The exact etiology of JIA is unknown but it’s believed to be multifactorial including genetic and environmental factors that lead to the imbalance favoring the production of pro-inflammatory cytokines, including interleukin-1β (IL-1β), interleukin-6 (IL-6), and tumor necrosis factor-alpha (TNF-α) in both serum and synovial fluid and therefore, the elevated synthesis of acute phase proteins, lipolysis and insulin resistance in adipose tissue.

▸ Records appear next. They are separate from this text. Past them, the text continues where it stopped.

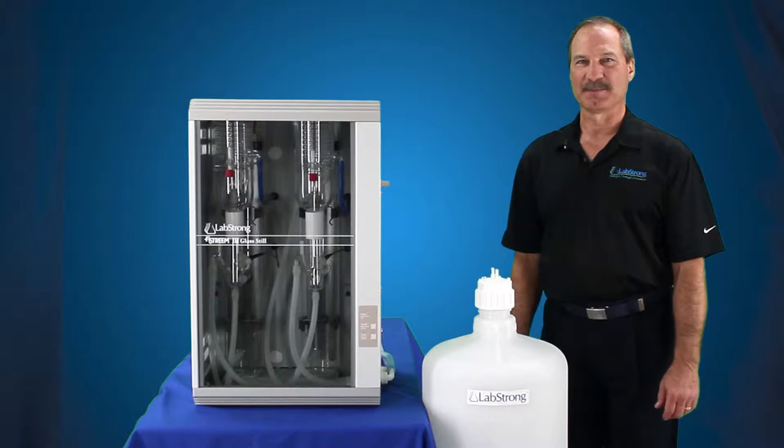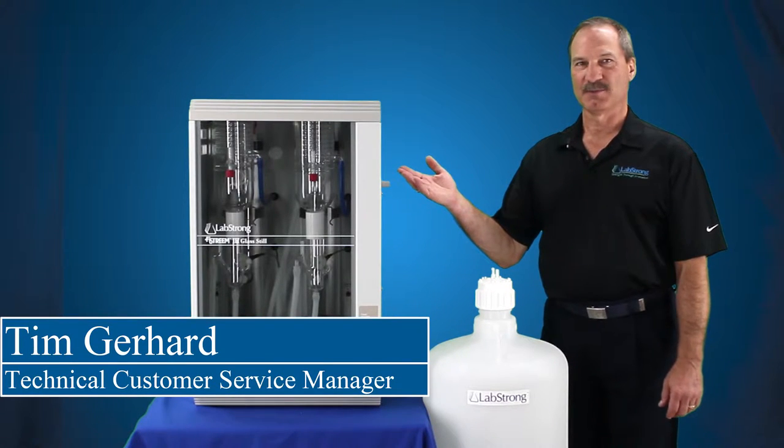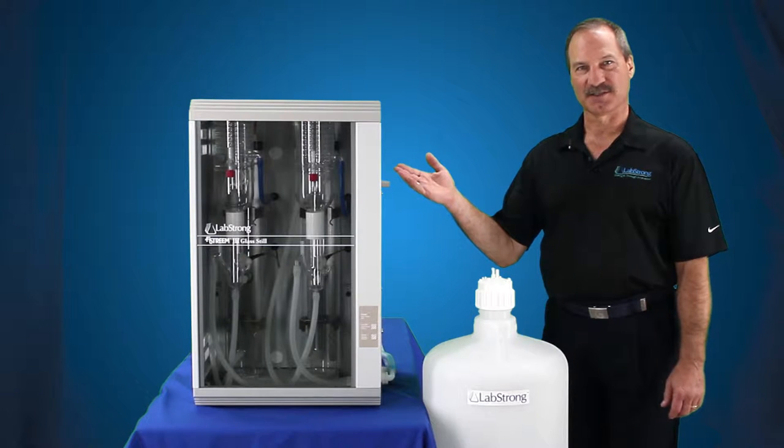Hello, my name is Tim Gearhart and I'm from LabStrong. Today we're going to connect the 50 liter carboy to the FiStream 3 glass distillation system.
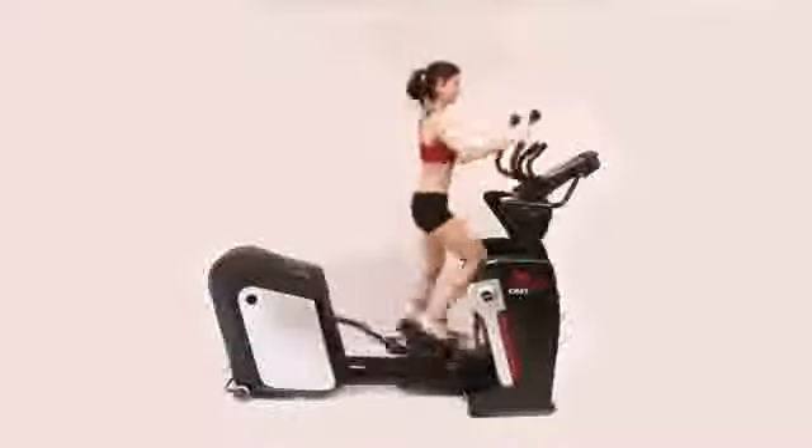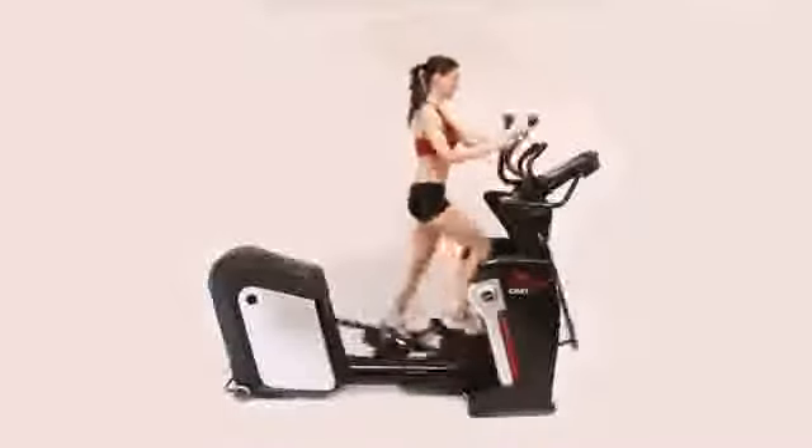Loaded with 13 programs, 20 intensity levels, an adjustable fan, and integrated water bottle holder, the Agile DMT is packed with options to help keep you motivated. Smooth's exclusive ergonomic pivoting foot pedals help reduce discomfort and joint pain to make your workout more enjoyable.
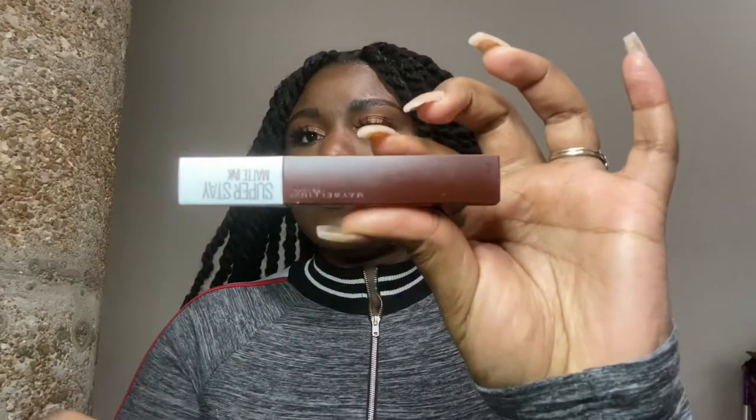Okay guys, so for the first lip look, we're going to be doing like a peachy nude kind of feel. In every lip look, I'm going to be using the same color for my lip liner and the same lipstick, which is the Maybelline Superstay Matte Ink Lipstick in the color Protector. That's what I'm going to be using to line with.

Vitamin D is a lipid-soluble prohormone that is vital for the maintenance of bone and muscle health and regulating both innate and adaptive immunity. Vitamin D exerts its function by binding with the vitamin D receptor (VDR).
Numerous polymorphisms have been identified in the VDR gene that causes many different diseases. Such polymorphisms could occur in allelic variants of VDR gene including Apa1 (allele A/a), Bsm1 (allele B/b), Taq1 (allele T/t) and Fok 1(allele F/f).
The aim of our study was to evaluate the influence of vitamin D receptor polymorphism on lipid profile in patients with juvenile idiopathic arthritis (JIA) and its relation to other disease clinical and laboratory parameters.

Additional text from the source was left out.